【宇垣美里・愛しのショコラ】ボンボンショコラで未来を占う/第4回

小説・エッセイ

公開日:2020/5/1

宇垣美里・愛しのショコラ

 ああ、疲れた。今日はことごとくついてなかった。

「お茶淹れてもらってもいい?」
 自分の飲み物くらい自分で淹れろ。いつから水回りが私の仕事になったんだ。令和だぞ。私が眉間にしわ寄せて必死に貴方の雑な数字の尻ぬぐいしてるの見て分かりませんか。頼むならせめて目をみて頼め。

「女の子には少し難しいかな?」
 ご存じですか私の得意科目は数学だということを。その女の子は数字に弱いみたいな固定概念を捨ててくれ。はあ?って顔したら怖い~とかきゃっきゃいうのもやめてくれ。私はもう無駄なことで怒って気力を消耗したくないんだ。

「まあ、次頑張ればいいから」
 じゃないよ頭撫でるな。プライベートゾーンに入ってくるんじゃない。少し顔が整ってるからって調子に乗るな。イケメンだろうがなんだろうが、人様の体を触れるときは相手の了解を取ってから。小学校で習わなかったのか。

「私を舐めているのか!」
 あ~も~、自分の言ってることが間違ってるって気づいて引っ込みつかなくなったのは分かったから、一番弱そうに思える相手に当たらないで。私はあなたのサンドバックじゃない。ものすごく理不尽なことを言っているって気づいて。あなたこそ私を舐めているのか。

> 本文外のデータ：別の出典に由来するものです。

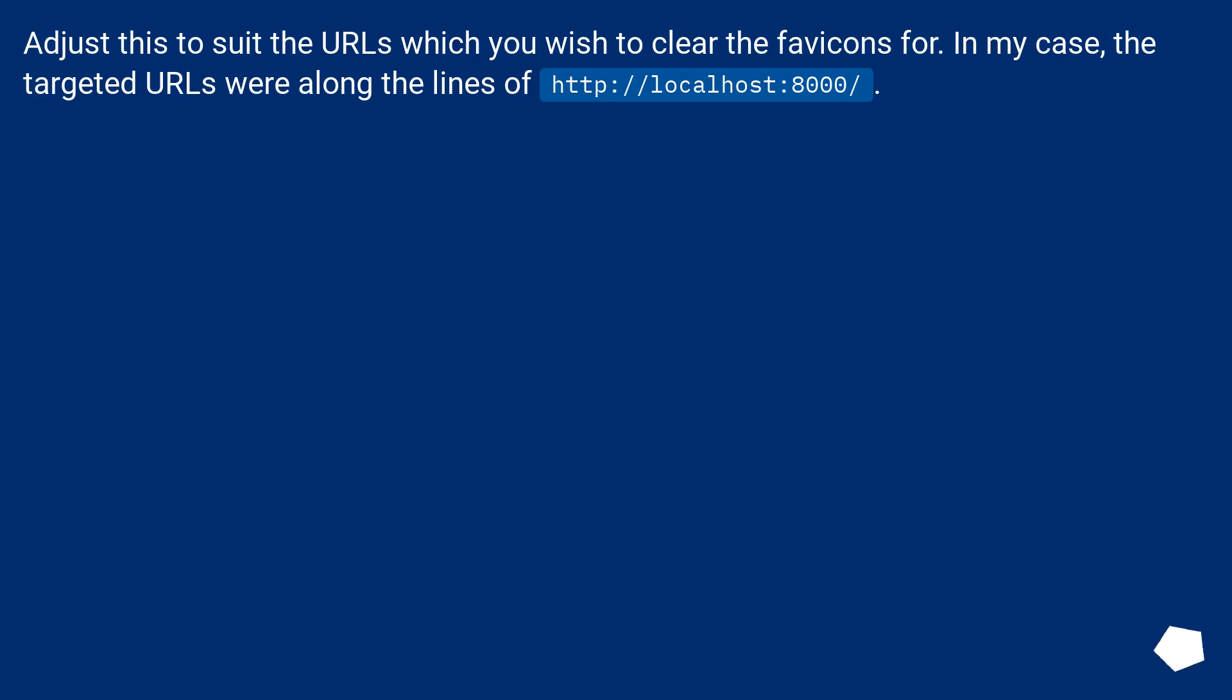Adjust this to suit the URLs which you wish to clear the favicons for. In my case, the targeted URLs were along the lines of http colon slash slash localhost colon 8000 slash.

 もう十分だ。くったくたに疲れた。せめて栄養を取ろうとふらふら入ったコンビニ。どしんと何かにぶつかって「すみません!」と大声で謝ったらペットボトルのケースだった。あんまりだ。目を上げた先、壁面の鏡に映る情けない顔は青白い光をうけてまるでゾンビみたい。もう耐えられない。